In the framework of well-defined gene structures, we integrated in-house generated monkey functional genomics data, as well as public available monkey data scattered in literatures and specialized databases, to develop a Genome Browser on the basis of ABrowse.

We re-analyzed the raw data and designed standardized criteria for meta-data extraction and storage. Tons of functional genomics data in rhesus macaque especially using the deep sequencing technology were integrated into the Genome Browser. Detailed meta-data such as sample information, types of experimental platforms and treatments, literature information, genotype-phenotype correlation information were carefully curated and integrated. Through the PubMed keywords query, we accessed all functional genomics studies in rhesus macaque, such as high-throughput annotations on gene expression profiles, transcription factor and microRNA binding sites generated by deep sequencing-based RNA-Seq, ChIP-Seq and CLIP-Seq technology. In addition, for each site in the monkey genome, we calculated cross-species conservation scores to facilitate rhesus macaque-centric comparative genomics studies.

More than 110 functional tracks were added onto the corresponding genomic context, illustrating refined gene and transcript structures, mRNA and EST data, RNA-Seq expression tags coverage and splicing junctions, transcription regulations, comparative genomics, variation and repeats, as well as phenotype and disease associations.

  1. Generally Browse
    1. Top Navigator
      1. Quick Search
      2. Advanced Search
      3. Track Options
      4. Create Landmark
    2. Chromosomal Ruler
    3. Right-side Panel
      1. Current Tracks
      2. Entry Detail
      3. My Landmark
      4. My Blat
      5. My Tracks
    4. Main Window
      1. Navigator Panel
      2. View Panel
      3. Track Container
  2. User Registration and User Space
    1. Add Comment for Entry
    2. Make Evaluation for Track
    3. Upload & Manage My Tracks
    4. "Landmark" Record
    5. Sequence Query Result Record
  3. Tracks
    1. Mapping
      1. CH SNP
    2. Phenotype and Disease Associations
      1. GAD
      2. OMIM Genes
      3. GWAS
    3. Genes and Gene Prediction
      1. RhesusBase Genes
      2. Ensembl Genes
      3. RefSeq Genes
      4. SGP Gene Predictions
      5. Geneid Gene Predictions
      6. NSCAN Gene Predictions
      7. miRNA Genes
      8. tRNA
    4. mRNA and EST
      1. mRNA
      2. Spliced EST
      3. EST
      4. Other mRNA
      5. RhesusBase Junctions
      6. Other Publication Junctions
    5. RNA-Seq (IMM)
    6. RNA-Seq (Other)
    7. Regulation
      1. TSS
      2. CpG Island
      3. NHGRI BiPromoter
    8. Comparative Genomics
      1. 6way conservation
      2. 9way conservation
      3. Chain
      4. Net
    9. Variation and Repeats
      1. dbSNP
      2. RepeatMasker
      3. Simple Repeats
      4. CNV from DGV
      5. CNV from dbVar

Generally Browse

The browser supports different searching methods for quick access to interesting tracks and provides a rapid and reliable display of any requested genomic region at multiple scales.
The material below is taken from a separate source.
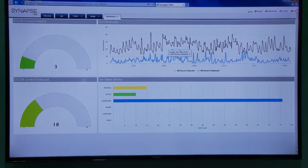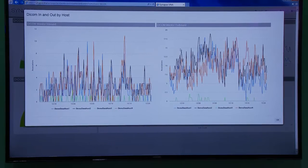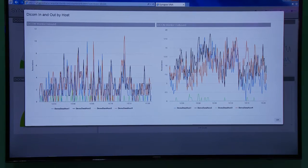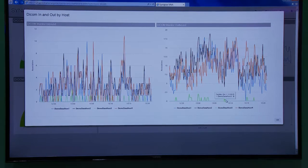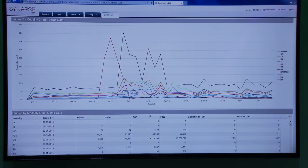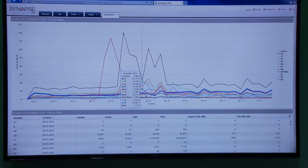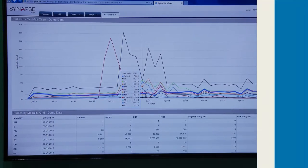I can also provide click-through looks into more detailed information about the VNA, such as DICOM associations per server. The VNA is also able to provide historical views of data usage over time, viewable by modality or organization, as well as predictive volume usage over time.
Dozens of annotation tracks can be shown in the center panel according to specific user requirements.

Top Navigator

A navigation bar at the top of the browser allows users to search and configure tracks of interest quickly and easily.

image: navigator

Quick Search

"Quick Search" is the default tab on the search panel. To search for a track, enter search terms (chromosome location and species) into the box, then click "GO!"

Advanced Search

The "Advanced Search" allows users to search for browser by three manners:

  1. Location Information: input the location information in the format of "chr:start-end" or "chr: start+length" for quick localization.
  2. Fasta Format Sequences: Do alignment against monkey genome with sequence in FASTA format using BLAT. The result shows the highest identical hit(s) in sub-window. Users can also view the result on center panel by clicking "view". The result is recorded in "My Blat" on the "Righ-side Panel" (described below).
  3. Keyword: Search track features like "id" with exact match and return hit(s) with hyperlink to corresponding genomic context.
image: blat_result_table

Track Options

Dozens of annotation tracks are prepared in the Track Options (RhesusBase transcript structure, RefSeq genes, ESTs, mRNAs, CpG islands, etc.). The options correspond to the track clusters shown in the browser. Three display models are provided in normal view: general, dense and hide. The dense view shows the first entry of all entries presented in general view. Two display models are provided in basepair view: basepair and hide.

Create Landmark

If users are interested in one particular region or tracks, navigate to the region with the wanted tracks open then click "create landmark" to create landmark facilitating return this region next time. The landmark will be stored in "my landmark" on the right-side panel (described below). By clicking on the name of the landmark users created, users will be led to the corresponding region.

Chromosomal Ruler

The chromosomal ruler below the top navigator offers a quick and visualized locating in a specific region of the genome by clicking the corresponding location on it (compatible with FireFox, but not with IE).

Right-side Panel

image: right_side_panel_tab

Current Tracks

Show basic information of tracks displayed on the center panel.

image: track_control

Users can hide the tracks and change the order of tracks displayed on the screen by clicking the buttons shown as above. In order to move the tracks for convenient comparison, users need to drag the up-down button and move the information line to the desired place. Evaluations can be made to any tracks if signed in.

Entry Detail

Show detailed information of the designated region and a brief description about the track in which the region is located.

My Landmark

Record of searching results of "Create Landmark" on top navigator.

My Blat

Record of searching results of "Fasta Format Sequence" in advanced searching on top navigator.

My Tracks

Record of tracks users uploaded.

Main Window

Navigator Panel

image: navigation_panel

At the top left corner of the center panel, navigation arrows are prepared for users to move the current screen in different directions. Zoom in or out of the current tracks by clicking "+" or "-". Users can use the magic wand in the middle of the navigation arrows to select one region of a track and zoom in in the main canvas or in a sub window. (Click the magic wand to active selecting status, then click a point on the center panel as the start point and release the mouse. Now click another point and the rectangle area between the two points is selected). A context menu will be showed for view and window choice.

View Panel

At the top right corner of the center panel, two buttons are provided for users to switch between "normal view" and "basepair view" conveniently.

Track Container

Show graphic information of tracks in browser.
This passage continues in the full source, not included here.